顧客満足度調査の対象者の無作為抽出は危険
ある銀行での顧客満足度調査の事例をご紹介しましょう。
「調査での主たる結論は店舗での長い行列に顧客が不満を抱いているという点だった。そこで調査チームはスタッフの増員を提案した。(中略)しかし、大口顧客は店舗に足を運ぶことは稀であり、その問題には全く無関心だった。」(ハーバードビジネススクールプレス 顧客ロイヤルティを知る「究極の質問」 出版:武田ランダムハウスジャパン より)
もちろん「行列の解消」も重要なことですが、それがどれだけ経営的な効果に結びつくのかという視点がこの顧客調査には欠落しています。この事例は無作為抽出したお客様に対し調査を行う問題を端的に表しています。私たちは何も学術的な分析がしたいわけではないのであり、恣意的な抽出も時として有効であることを理解しておく必要があります。
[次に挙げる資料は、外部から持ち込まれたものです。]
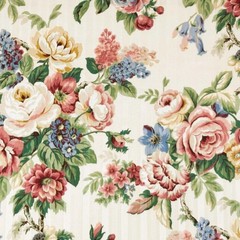 Vintage Mill Creek Floral Pastel MULTI Pink Cotton Drapery Pillow Fabric BTY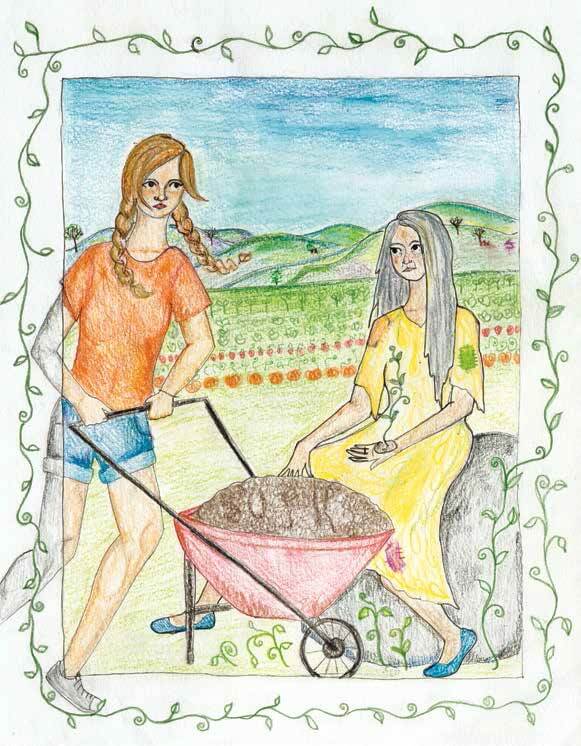 The Bean Plant pushing the wheel barrow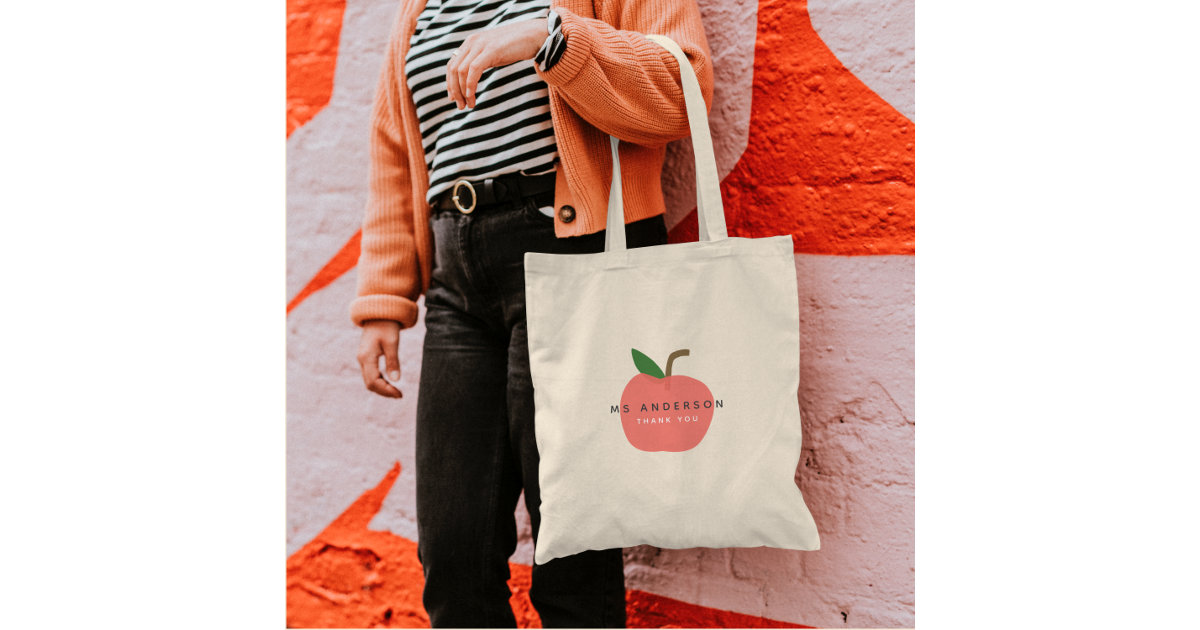 Personalized Teacher Tote Bag, Apple Bag, Thank You Teacher, Cute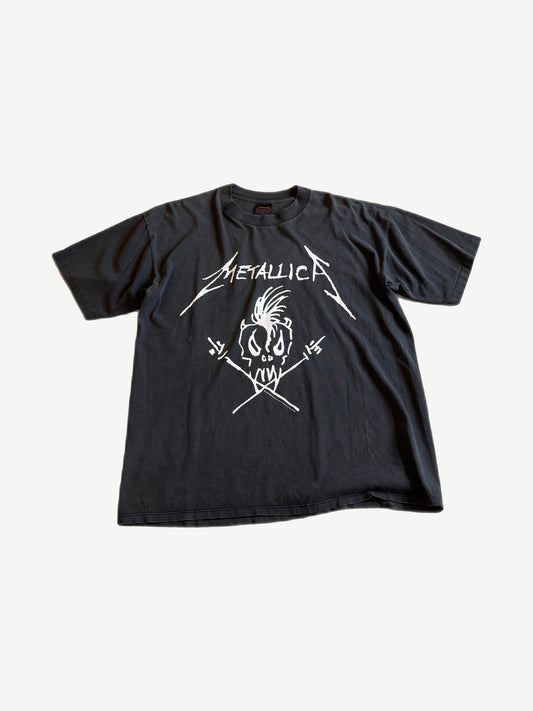Vintage Metallica Nowhere Else to Roam black tee with white skull and crossed drumstick scribble logo.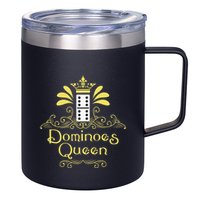 Dominoes Queen Domino Player Dominoes Lover Tile Game 12oz Stainless Steel Coffee Mug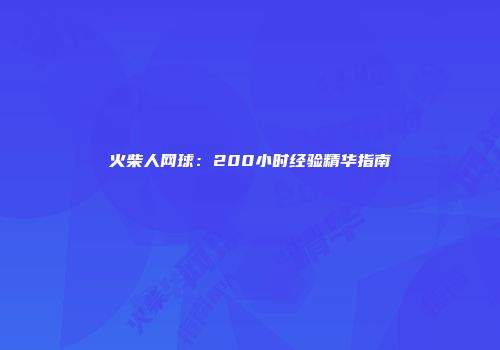 火柴人网球：200小时经验精华指南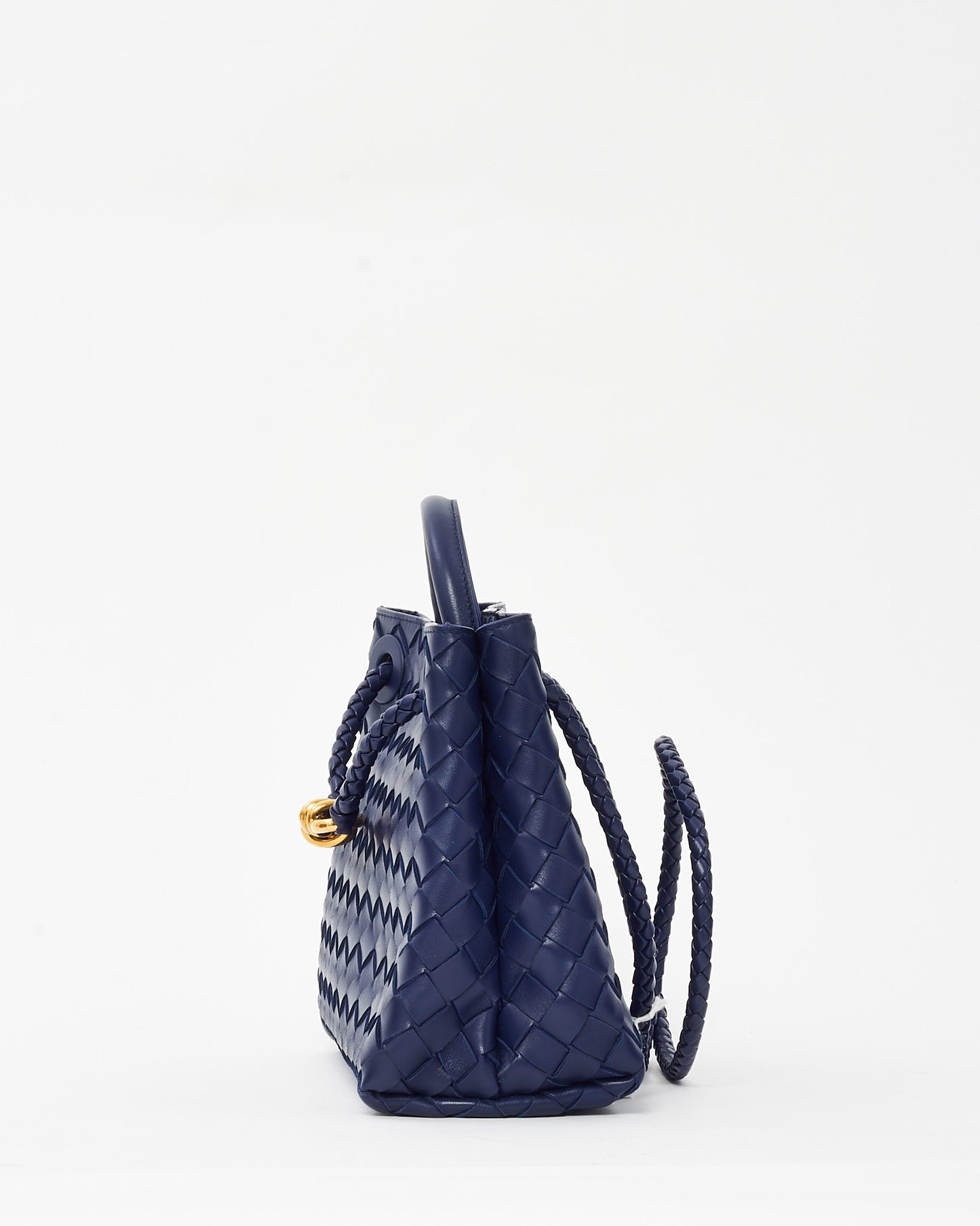 Bottega Veneta Navy Intrecciato Leather Small Andiamo Bag GHW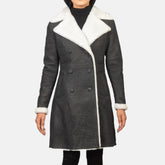 Amie Black Double Breasted Shearling Coat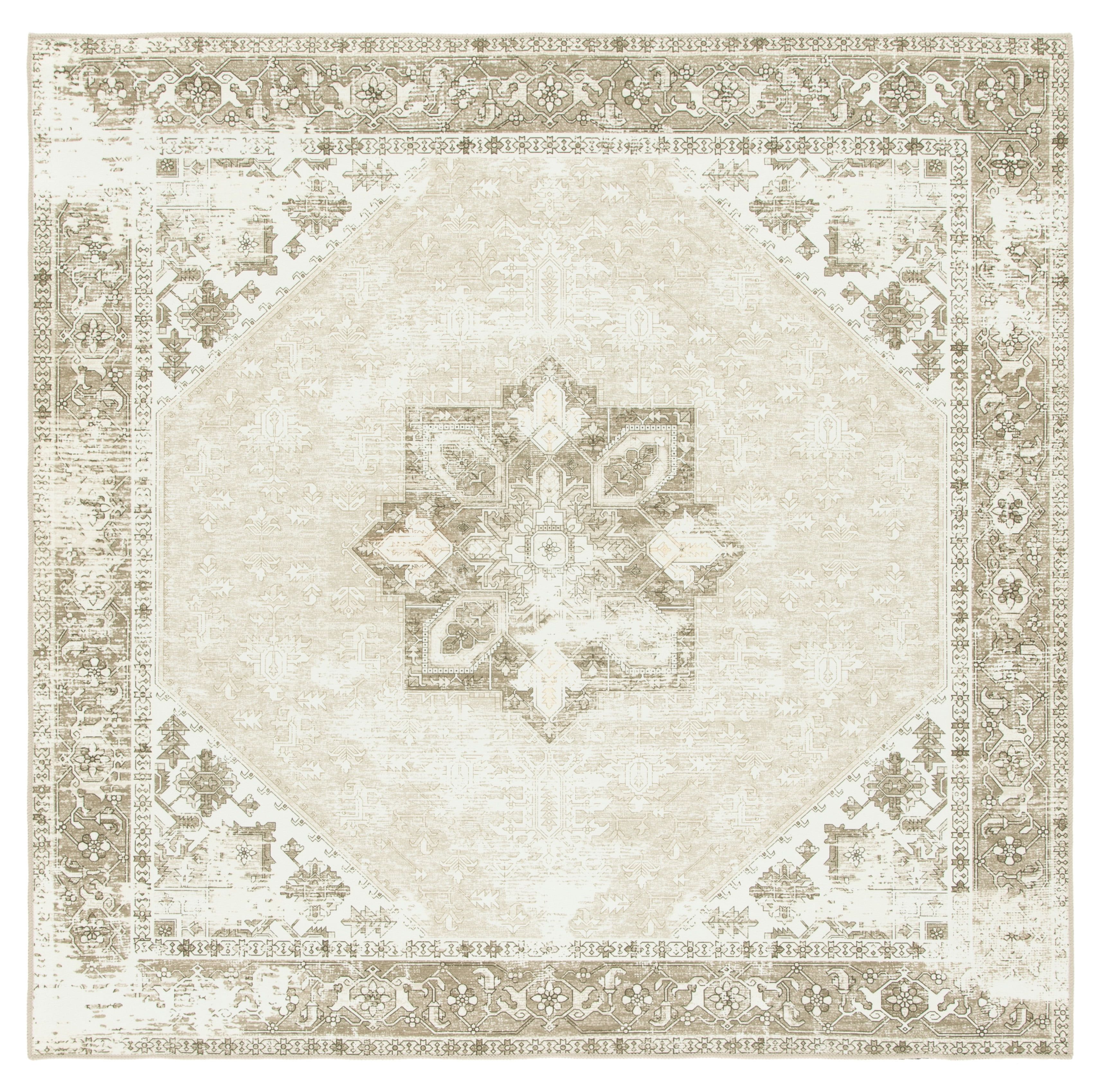 Ivory and Sage Square Washable Synthetic Area Rug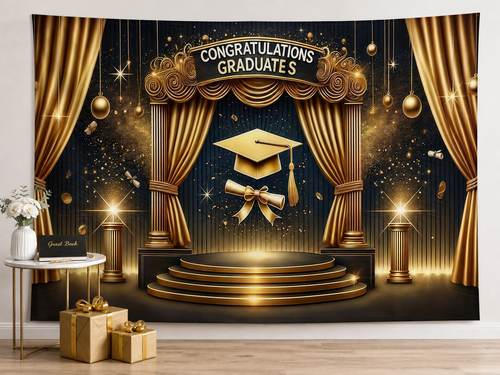 Black and gold graduation backdrop guest book party scene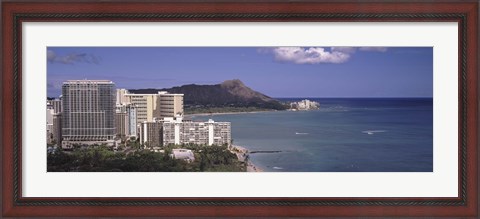 Framed Buildings at the waterfront, Honolulu, Oahu, Honolulu County, Hawaii Print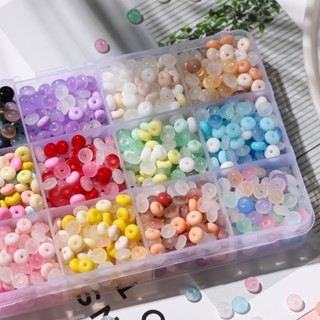 Thủy tinh hạt tròn phẳng 3*6mm hỗn hợp màu cho DIY vòng cổ và vòng tay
ちなみに当社が実施する顧客視点調査では、調査対象として、貴社の将来に大きな影響を与えうる重要顧客(あるいは、将来もお付き合いしたい大切なお客様)の中から選定して頂きます。そしてそのお客様の声に真摯にお応えすることが、企業の強化に直結することは言うまでもありません。
また、もちろんその選定条件や定義をどのようにするかというところから決めていくことが重要であり、そのようなステップを踏んで社内で調査対象を選んでいくことも、とても大切なことです。